Task prompt:
Repeat only the stretch of lines below that runs from the line with "Champagne Peach Handwoven" through the line with "Real Madrid's French", unaltered.

Extracted material:
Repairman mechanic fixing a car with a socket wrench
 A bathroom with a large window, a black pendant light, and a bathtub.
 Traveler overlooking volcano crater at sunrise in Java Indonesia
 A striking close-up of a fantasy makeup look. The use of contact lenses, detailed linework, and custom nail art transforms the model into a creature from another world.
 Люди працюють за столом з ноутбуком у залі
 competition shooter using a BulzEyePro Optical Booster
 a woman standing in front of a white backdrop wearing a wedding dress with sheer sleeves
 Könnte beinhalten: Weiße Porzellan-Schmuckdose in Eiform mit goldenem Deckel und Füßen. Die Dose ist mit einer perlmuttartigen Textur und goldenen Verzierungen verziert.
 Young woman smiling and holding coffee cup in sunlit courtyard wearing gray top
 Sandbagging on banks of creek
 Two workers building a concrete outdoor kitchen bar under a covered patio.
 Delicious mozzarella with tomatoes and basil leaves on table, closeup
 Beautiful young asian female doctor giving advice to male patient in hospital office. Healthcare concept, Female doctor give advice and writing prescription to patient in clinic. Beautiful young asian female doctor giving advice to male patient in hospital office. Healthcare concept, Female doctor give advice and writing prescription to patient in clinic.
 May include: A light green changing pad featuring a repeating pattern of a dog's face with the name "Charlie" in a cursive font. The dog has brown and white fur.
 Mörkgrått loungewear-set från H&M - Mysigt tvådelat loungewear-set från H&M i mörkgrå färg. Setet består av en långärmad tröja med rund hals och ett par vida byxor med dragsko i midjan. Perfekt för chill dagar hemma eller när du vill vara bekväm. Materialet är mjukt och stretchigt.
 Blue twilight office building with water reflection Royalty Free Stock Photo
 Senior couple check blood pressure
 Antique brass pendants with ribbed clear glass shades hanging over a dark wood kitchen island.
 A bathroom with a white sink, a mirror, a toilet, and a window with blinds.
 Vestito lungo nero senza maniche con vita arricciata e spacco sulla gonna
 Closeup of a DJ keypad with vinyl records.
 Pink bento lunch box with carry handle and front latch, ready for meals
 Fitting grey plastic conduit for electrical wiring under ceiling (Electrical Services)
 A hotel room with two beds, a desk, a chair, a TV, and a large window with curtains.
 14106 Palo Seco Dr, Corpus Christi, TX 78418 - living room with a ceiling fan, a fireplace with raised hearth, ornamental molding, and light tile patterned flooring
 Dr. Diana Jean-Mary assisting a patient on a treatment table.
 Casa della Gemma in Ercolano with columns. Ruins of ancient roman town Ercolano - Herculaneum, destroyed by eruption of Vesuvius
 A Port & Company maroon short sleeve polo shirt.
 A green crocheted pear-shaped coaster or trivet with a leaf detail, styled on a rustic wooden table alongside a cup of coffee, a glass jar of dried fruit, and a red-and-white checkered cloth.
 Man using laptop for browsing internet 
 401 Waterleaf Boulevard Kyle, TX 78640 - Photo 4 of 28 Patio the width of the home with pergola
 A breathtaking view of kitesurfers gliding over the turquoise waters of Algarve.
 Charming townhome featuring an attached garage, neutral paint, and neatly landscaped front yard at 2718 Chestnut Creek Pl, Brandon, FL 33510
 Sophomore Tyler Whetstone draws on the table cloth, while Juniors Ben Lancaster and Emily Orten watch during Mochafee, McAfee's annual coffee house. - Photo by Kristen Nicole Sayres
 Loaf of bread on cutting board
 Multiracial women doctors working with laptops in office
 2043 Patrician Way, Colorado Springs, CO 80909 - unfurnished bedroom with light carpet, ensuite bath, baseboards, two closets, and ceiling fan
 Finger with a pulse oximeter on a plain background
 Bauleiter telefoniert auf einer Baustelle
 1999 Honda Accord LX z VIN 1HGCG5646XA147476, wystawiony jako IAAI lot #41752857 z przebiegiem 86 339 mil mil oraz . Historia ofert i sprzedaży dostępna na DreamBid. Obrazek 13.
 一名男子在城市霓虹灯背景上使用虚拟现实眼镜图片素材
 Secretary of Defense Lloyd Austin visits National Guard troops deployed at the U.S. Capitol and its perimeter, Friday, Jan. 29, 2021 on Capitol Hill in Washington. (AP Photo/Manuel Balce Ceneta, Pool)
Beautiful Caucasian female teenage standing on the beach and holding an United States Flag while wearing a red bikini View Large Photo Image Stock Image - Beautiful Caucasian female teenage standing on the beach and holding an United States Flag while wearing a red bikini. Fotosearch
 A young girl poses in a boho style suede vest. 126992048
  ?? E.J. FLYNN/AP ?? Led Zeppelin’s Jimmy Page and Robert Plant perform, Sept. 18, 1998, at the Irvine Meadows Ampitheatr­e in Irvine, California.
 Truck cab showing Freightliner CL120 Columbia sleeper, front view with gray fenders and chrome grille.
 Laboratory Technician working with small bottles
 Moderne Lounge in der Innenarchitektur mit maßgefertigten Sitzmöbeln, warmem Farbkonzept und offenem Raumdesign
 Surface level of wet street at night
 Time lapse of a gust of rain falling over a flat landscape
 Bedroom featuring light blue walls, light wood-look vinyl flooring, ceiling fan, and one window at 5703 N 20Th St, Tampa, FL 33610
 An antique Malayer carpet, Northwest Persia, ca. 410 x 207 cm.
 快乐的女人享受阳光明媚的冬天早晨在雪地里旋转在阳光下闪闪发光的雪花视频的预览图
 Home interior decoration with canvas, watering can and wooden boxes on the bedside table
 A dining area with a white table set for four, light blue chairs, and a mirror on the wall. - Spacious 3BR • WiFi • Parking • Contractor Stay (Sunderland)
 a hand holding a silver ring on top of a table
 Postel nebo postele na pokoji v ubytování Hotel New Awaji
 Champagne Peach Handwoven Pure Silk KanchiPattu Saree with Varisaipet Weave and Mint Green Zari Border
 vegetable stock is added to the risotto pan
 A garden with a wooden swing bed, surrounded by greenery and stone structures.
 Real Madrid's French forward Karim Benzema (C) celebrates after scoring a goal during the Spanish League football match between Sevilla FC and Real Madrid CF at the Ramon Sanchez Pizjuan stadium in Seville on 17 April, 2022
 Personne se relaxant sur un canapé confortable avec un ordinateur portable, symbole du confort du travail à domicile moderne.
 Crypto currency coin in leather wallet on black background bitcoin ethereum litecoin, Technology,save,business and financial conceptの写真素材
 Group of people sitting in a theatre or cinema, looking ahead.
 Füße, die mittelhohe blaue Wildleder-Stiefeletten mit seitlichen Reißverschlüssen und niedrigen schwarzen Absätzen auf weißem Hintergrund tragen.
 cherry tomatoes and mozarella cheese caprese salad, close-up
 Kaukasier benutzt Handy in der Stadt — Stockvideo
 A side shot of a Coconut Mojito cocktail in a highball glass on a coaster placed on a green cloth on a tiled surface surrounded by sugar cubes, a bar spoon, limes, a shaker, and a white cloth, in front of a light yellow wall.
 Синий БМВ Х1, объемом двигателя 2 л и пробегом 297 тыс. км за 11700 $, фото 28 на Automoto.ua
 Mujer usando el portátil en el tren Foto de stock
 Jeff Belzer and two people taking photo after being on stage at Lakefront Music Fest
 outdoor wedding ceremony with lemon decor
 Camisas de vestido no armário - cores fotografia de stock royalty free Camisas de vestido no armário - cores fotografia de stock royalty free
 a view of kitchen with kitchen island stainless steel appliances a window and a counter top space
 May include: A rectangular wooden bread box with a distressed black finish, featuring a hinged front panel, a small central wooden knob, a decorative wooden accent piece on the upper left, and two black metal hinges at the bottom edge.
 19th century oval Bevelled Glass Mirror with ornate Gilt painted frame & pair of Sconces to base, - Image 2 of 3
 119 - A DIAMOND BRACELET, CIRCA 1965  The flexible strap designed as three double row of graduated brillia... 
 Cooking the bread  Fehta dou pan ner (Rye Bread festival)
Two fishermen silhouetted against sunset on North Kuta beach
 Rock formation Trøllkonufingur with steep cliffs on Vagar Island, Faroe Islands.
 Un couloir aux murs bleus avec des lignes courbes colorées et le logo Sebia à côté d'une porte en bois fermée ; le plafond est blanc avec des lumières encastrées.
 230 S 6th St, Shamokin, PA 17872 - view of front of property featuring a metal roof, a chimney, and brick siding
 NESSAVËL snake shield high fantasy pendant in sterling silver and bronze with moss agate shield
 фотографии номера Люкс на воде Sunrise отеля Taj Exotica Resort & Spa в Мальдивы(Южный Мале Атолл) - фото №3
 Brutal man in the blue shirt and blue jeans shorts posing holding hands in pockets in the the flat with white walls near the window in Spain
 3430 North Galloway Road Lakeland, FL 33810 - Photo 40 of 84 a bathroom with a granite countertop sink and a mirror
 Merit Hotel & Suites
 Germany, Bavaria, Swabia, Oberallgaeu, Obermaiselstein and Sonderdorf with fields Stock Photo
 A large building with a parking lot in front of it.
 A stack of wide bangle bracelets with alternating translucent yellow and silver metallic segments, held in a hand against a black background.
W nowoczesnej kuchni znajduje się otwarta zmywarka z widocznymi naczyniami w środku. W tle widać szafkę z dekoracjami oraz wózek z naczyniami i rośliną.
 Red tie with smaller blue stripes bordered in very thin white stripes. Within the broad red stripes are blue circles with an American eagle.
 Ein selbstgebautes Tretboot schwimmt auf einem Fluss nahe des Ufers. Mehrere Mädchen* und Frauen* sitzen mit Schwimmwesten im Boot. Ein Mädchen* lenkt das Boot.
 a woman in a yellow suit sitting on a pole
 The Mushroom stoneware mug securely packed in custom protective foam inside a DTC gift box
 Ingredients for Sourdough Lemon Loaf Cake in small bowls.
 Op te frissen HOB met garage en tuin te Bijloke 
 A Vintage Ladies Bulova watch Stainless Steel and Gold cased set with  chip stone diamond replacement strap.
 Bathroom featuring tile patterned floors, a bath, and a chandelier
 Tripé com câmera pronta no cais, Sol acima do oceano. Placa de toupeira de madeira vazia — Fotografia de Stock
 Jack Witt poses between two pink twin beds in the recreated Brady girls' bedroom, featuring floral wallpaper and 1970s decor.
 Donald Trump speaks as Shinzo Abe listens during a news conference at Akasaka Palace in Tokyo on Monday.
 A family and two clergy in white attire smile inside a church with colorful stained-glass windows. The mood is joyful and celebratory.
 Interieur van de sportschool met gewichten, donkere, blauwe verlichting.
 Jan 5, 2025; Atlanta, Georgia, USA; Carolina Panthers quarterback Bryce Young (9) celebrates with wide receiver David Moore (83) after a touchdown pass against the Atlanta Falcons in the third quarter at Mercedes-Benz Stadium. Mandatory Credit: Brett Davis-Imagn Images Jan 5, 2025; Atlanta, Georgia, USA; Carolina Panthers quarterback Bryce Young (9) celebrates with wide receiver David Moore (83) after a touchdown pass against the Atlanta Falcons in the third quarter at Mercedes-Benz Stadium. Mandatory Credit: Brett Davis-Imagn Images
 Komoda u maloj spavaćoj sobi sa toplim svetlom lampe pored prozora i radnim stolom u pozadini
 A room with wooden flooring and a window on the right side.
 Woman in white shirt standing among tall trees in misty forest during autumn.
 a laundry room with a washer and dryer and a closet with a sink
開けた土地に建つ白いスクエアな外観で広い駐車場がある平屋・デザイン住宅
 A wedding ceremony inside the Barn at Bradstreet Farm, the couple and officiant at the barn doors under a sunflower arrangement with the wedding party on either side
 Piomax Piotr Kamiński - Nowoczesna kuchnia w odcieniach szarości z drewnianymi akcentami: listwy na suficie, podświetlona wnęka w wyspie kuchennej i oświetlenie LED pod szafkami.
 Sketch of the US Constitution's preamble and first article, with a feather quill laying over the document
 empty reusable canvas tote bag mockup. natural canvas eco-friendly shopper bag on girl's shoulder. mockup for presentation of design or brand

Solution:
 Champagne Peach Handwoven Pure Silk KanchiPattu Saree with Varisaipet Weave and Mint Green Zari Border
 vegetable stock is added to the risotto pan
 A garden with a wooden swing bed, surrounded by greenery and stone structures.
 Real Madrid's French forward Karim Benzema (C) celebrates after scoring a goal during the Spanish League football match between Sevilla FC and Real Madrid CF at the Ramon Sanchez Pizjuan stadium in Seville on 17 April, 2022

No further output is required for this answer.